How to Prevent a Twitter Hack
Internet security surrounding social is up to publishers. Do you have a plan?
Recent Twitter hacks done this spring by a group called the Syrian Electronic Army (SEA) on the Associated Press and The Onion have brought attention to the vulnerability of a media organization’s social media account.
In the case of the AP, which has more than two million Twitter followers, or any mass media brand for that matter, a damaging tweet can have a profound impact. When the SEA took control of the AP’s Twitter account and tweeted that President Barack Obama had been injured in an explosion at the White House, it caused the U.S. stock market to temporarily lose $200 million in value, The Wall Street Journal reported.

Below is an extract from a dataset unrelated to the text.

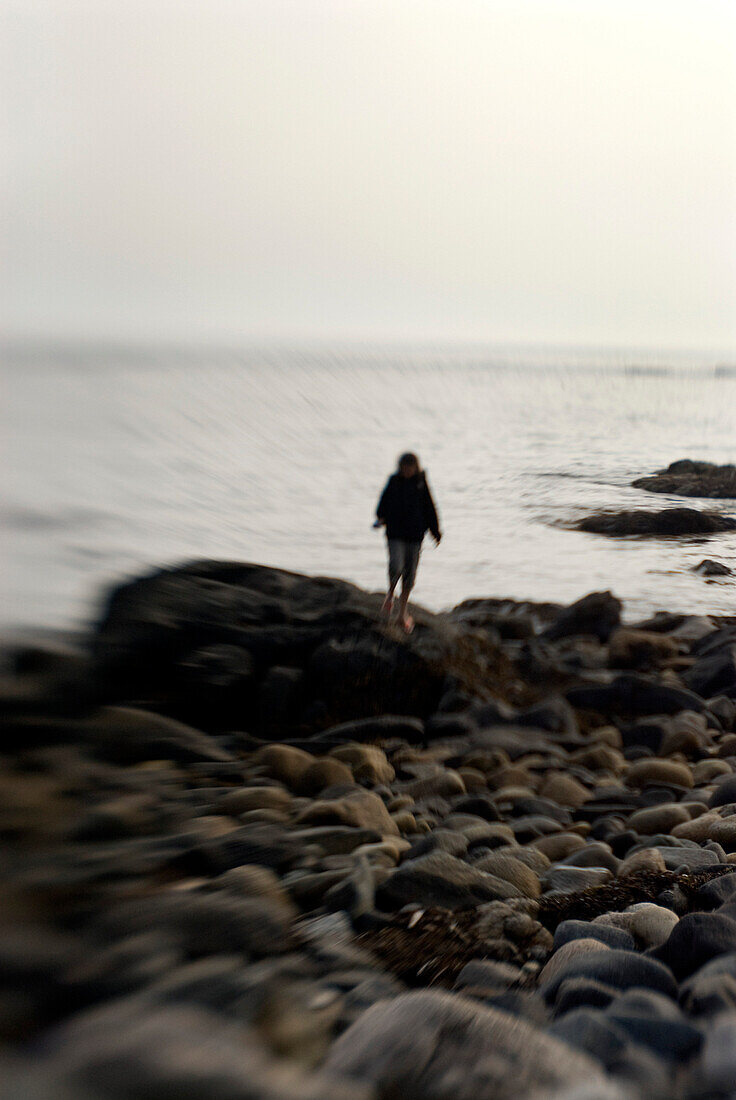 Young Woman on Rocky Shore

The AP was lucky because it was able to inform readers within 10 minutes that it had been hacked. Additionally, it had one of its White House reporters, who was already going into a press conference at the White House, inform the White House press corps at that meeting that the tweet was fake. At the meeting, White House officials also confirmed that the President was indeed alive and well.
How a Twitter Hack Happens
In early May, the Twitter account belonging to satirical news site The Onion was also hacked—once again by the SEA. True to form, while The Onion took immediate steps to respond internally to the problem, it joked about it to its followers and posted a detailed synopsis on how exactly the hack happened.
The SEA “phished Onion employees’ Google Apps accounts via 3 separate methods,” said The Onion. Here is a brief synopsis of the event:
1. The SEA sent fake news links to journalists at The Onion. The link appeared to be a Washington Post story about the brand but was actually bait to get employees to enter their Google Apps credentials. Only a few employees received the links in order to deflect suspicion.
2. The Onion sent an email to all employees asking them to change their passwords. Unbeknownst to them, the attacker had access to one of these accounts and sent a duplicate email, which included a link to a phishing page that was made to look like a password-reset link. The members of the IT team were left out of this exchange so the attackers could proceed unnoticed.
3. Since The Onion is a satirical news site, they made light of these events by posting articles like “Syrian Electronic Army Has A little Fun Before Inevitable Upcoming Deaths At Hands of Rebels.” This antagonized the attackers, who began broadcasting editorial emails on their Twitter account. Once the brand realized this it responded by asking everyone in the company to reset their Google Apps account passwords because they could not determine the source of the breach.
In a May 8th post, The Onion detailed what it views as meaningful prevention strategies:
• Make sure that your users are educated, and that they are suspicious of all links that ask them to log in, regardless of the sender.
• The email addresses for your twitter accounts should be on a system that is isolated from your organization’s normal email. This will make your Twitter accounts virtually invulnerable to phishing (providing that you’re using unique, strong passwords for every account).
• All Twitter activity should go through an app of some kind, such as HootSuite. Restricting password-based access to your accounts prevents a hacker from taking total ownership, which takes much longer to rectify.
• If possible, have a way to reach out to all of your users outside of their organizational email.